The stack is conventional: Prometheus pulls metrics, Loki/Vector handle logs, Alertmanager fans out alerts, Grafana glues the views together. The only custom piece is the Discord proxy.

Components

Component Where Notes
kube-prometheus-stack monitoring ns Prometheus, Alertmanager (HA, 2 replicas), Grafana, kube-state-metrics, prometheus-operator
Loki monitoring/loki-0 Single-binary mode, sufficient for one user
Vector DaemonSet + aggregator StatefulSet Agents on every node, ship to Loki
Discord proxy monitoring/discord-alert-proxy Tiny HTTP service, takes Alertmanager and Falco webhooks, posts to channels
Falco security/falco Runtime threat detection on the cluster, alerts via Discord

External LB IPs let me reach things from outside the cluster without port-forwarding:

Service LB IP
Grafana 192.168.1.229
Prometheus 192.168.1.230
Loki 192.168.1.231
Vector aggregator 192.168.1.232
Alertmanager 192.168.1.233

Alert routing

Alerts go through Alertmanager into the Discord proxy. The proxy splits them by route:

  • Infrastructure (NodeDown, KubePodCrashLooping, MemoryPressure) into #ops.
  • Media stack failures into #media.
  • Falco runtime events into #security.
  • Trading and science workloads into their own channels.

The proxy also filters routine churn. Restarts and scrape blips that resolve in under 60 seconds get suppressed so the Discord channels stay scannable.

What this stack covers and what it does not

What it does well:

  • Pull-based metrics from anything that exposes /metrics, including the apps I write.
  • Cluster health (node, pod, kubelet, scheduler, etcd, apiserver).
  • Logs centralized off the nodes.
  • Alerts that I will see, because Discord is where I already am.

What it does not cover, and where Uptime Kuma was supposed to fill in (see the incident commentary on Kuma):

  • External vantage. Everything alerting lives inside the cluster.
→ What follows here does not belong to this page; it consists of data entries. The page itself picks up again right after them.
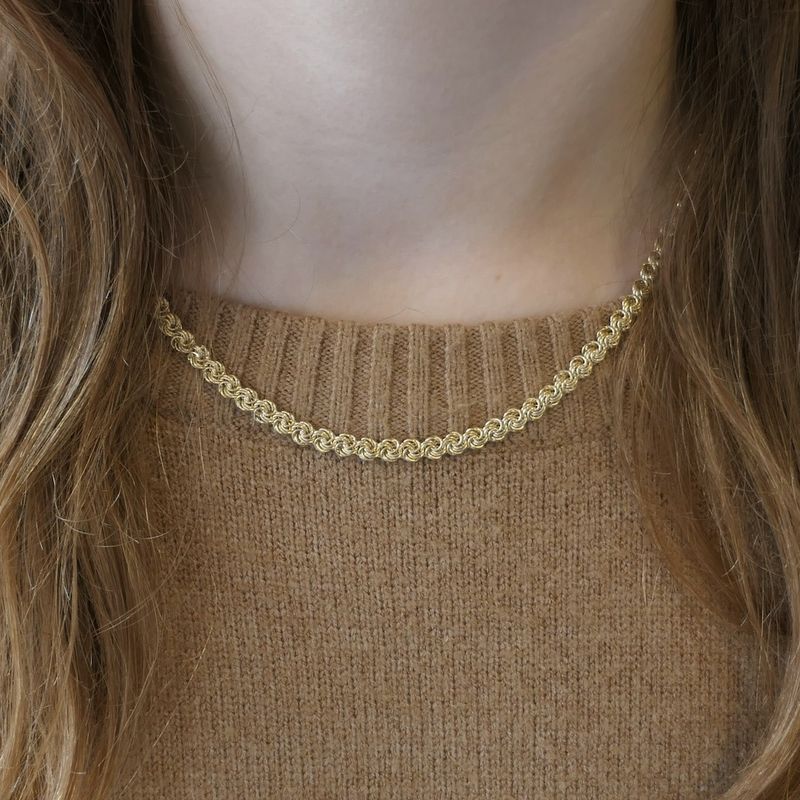 Image 9 of Gold (double) Prince of Wales link necklace | 46.5 cm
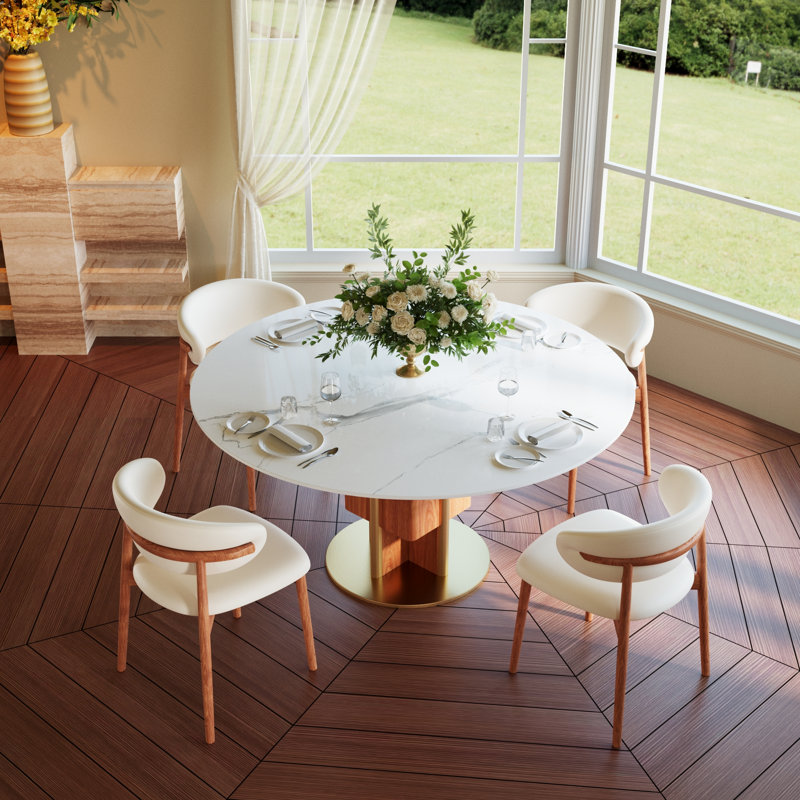 Table de salle à manger Modern, H 29,9 po x L 53,15 po x l 53,15 po, Blanc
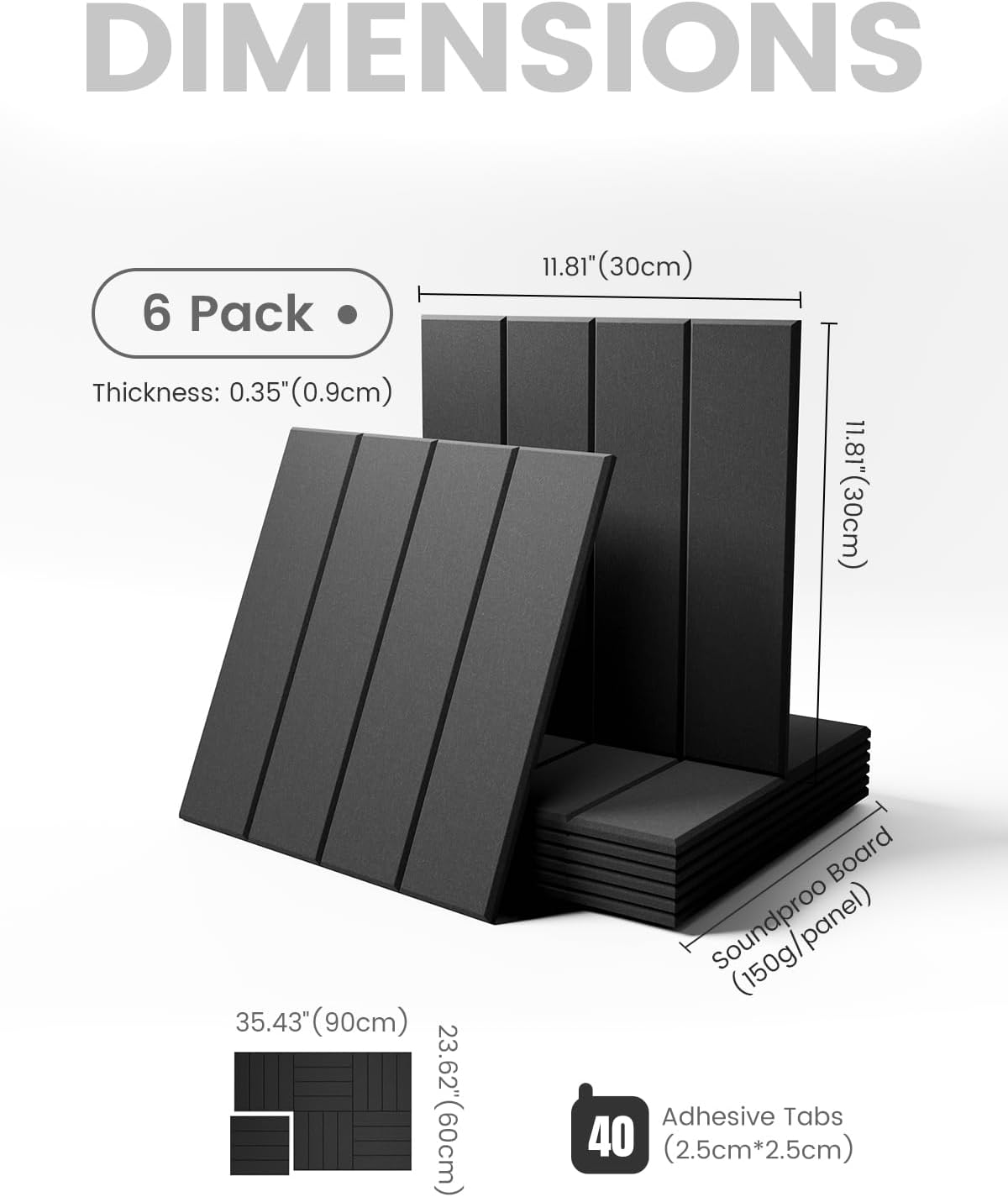 Felt Bulletin Board Tiles Large 36" x 24" Cork Board Alternative-6 Pack with 40 Adhesive Tabs, Thick Slat Wall Panels for Office Decor, Push Pin Board Wall Organizer Alternative - Black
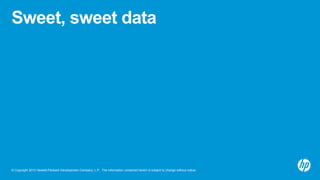 © Copyright 2013 Hewlett-Packard Development Company, L.P. The information contained herein is subject to change without notice.
Sweet, sweet data
 
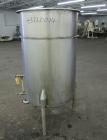 Used Chem-Tek Tank, 140 Gallon, 304 Stainless Steel, Vertical.  30” Diameter x 47-1/2” straight side.  Open top with a 1 piece cover, sloped bottom.  1-1/2” Off center bottom outlet.  Mounted on 3 st...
If the cluster, the home internet, or NPM goes down, the pipeline is silent.
  • Heartbeats. "Did this cron job actually run." Backups, scheduled labctl runs, GitHub Actions.
  • Public status page. Discord channels are not a status page.
  • Third-party uptime. GHCR, the upstream DNS provider, etc.

Observability lessons captured here

  • Alertmanager grouping matters. A flapping condition on three nodes should be one Discord message, not three. group_by, group_wait, group_interval.
  • Prometheus is great at "things that have metrics," not "things that should have run." Heartbeats need a different tool.
  • "Pod is Ready" is a load-bearing signal. The MetalLB / pg_hba / Grafana cascade in this incident was kicked off by a single readiness probe failing, which then had blast radius all the way to the LoadBalancer IP not answering ARP.